That’s one reason we put multiple links on our site to the museum’s site and their good directions. We also have links on the website and in the newsletter to a downloadable PDF for parking in Waltham (also an issue for the non-commuter rail riders.) I guess I need to put more of them on the site. We did get one suggestion which we are going to jump on — to put the directions and parking links right in the RSVP (thanks Jonathan!)
Meanwhile, the young entrepreneurs comment is one I am puzzled by — I thought we were a pretty friendly group. It sounds as if you might have missed the presentation portion of the evening (downstairs in the amphitheater.) Also, by the time you arrived, we may have all moved upstairs into the ballroom.
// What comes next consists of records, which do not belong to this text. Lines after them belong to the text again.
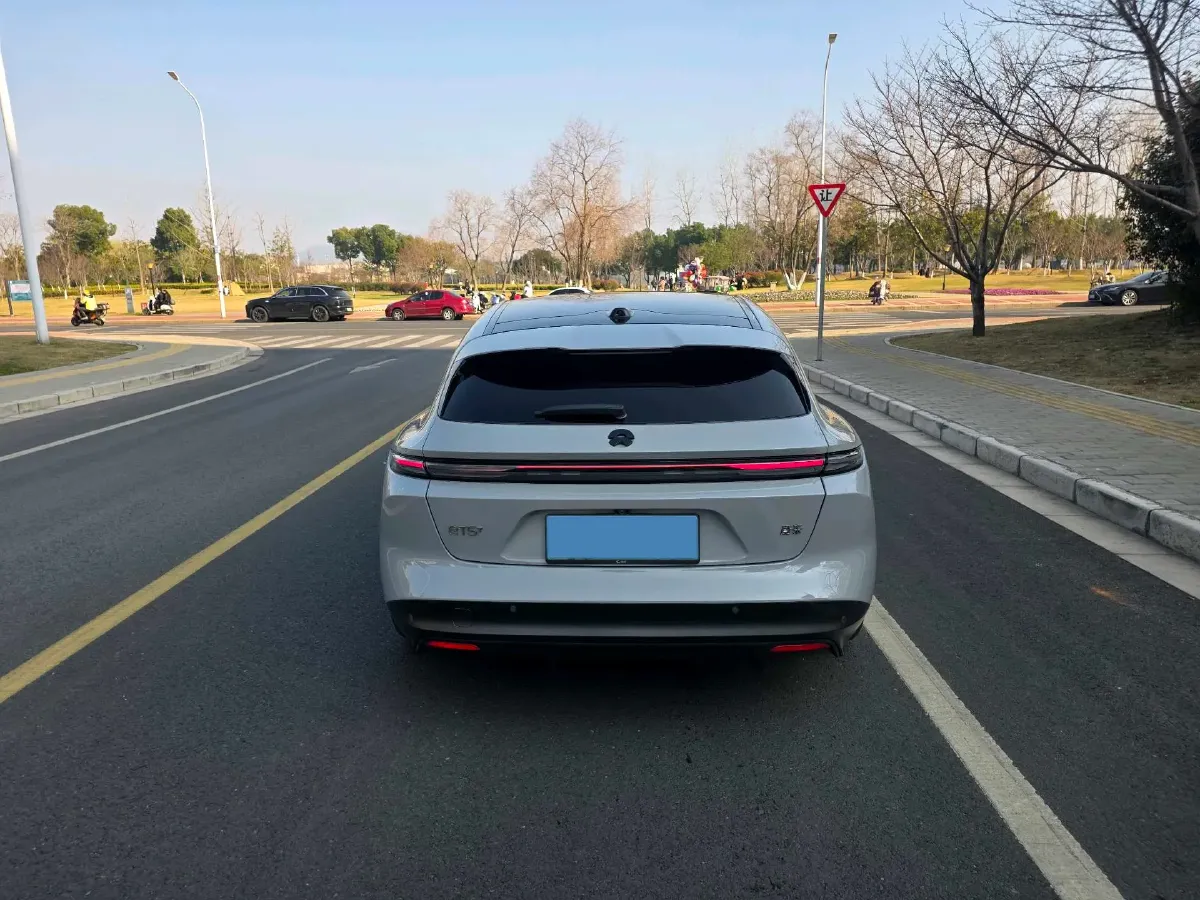 2024 NIO ET5T BEV 75KWH,autocango,china used car exporter,china ev exporter,chinese used car exporter,chinese used ev exporter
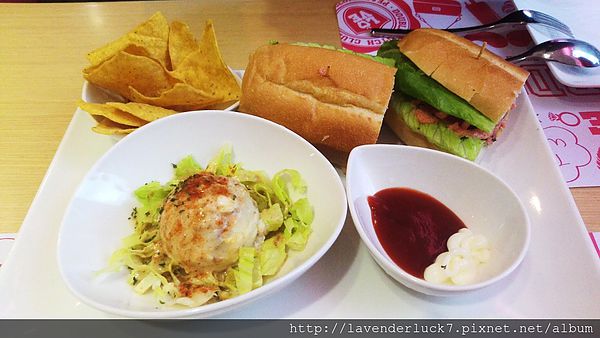 DDC CAFE:♥DDC cafe 夢幻複合式餐飲
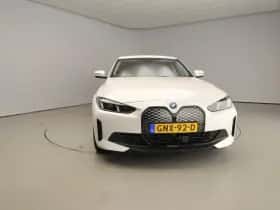 BMW i4 (2025) thumbnail 5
Maybe that contributes to the impression.
We try to be as far ranging as we can be with the products being launched at Mass Innovation Nights. The only criteria is a shipping product. We’ve had large (IBM, Intuit Labs, Invention Machines), small (1-2 man projects), web-apps, enterprise software, devices, even a popsicle drip catcher, and last, night, The BackCare Trainer.
The Experts Corner was new last night — we’ll try it again next with a slightly different model. We’re always trying new stuff and really encourage the feedback. Thanks again.
Thanks for the response. You are correct, I missed the presentations due to my wandering around downtown Waltham looking for the museum. I arrived there as the final presentation was completing and most attendees were already upstairs.
I think being in Waltham naturally gives your event a different crowd, and obviously those that choose to live in Waltham versus Boston will bring a slightly different perspective/personality. It’s hard to quantify a “vibe,” but it just felt like a more serious and professional crowd than I’m used to. I don’t think anyone was “unwelcoming” per se, but the nature of conversations did seem different.
Again, I don’t think this is a bad thing; I just feel that with all the other options for young entrepreneurs in the city, there are a lot of other events better suited for us (see the last list in my entry, “6 Lists of 12 for MIT’s Startup Bootcamp”). I will be keeping my eye on your site for interesting startups to be presenting and from time to time may make the trip out.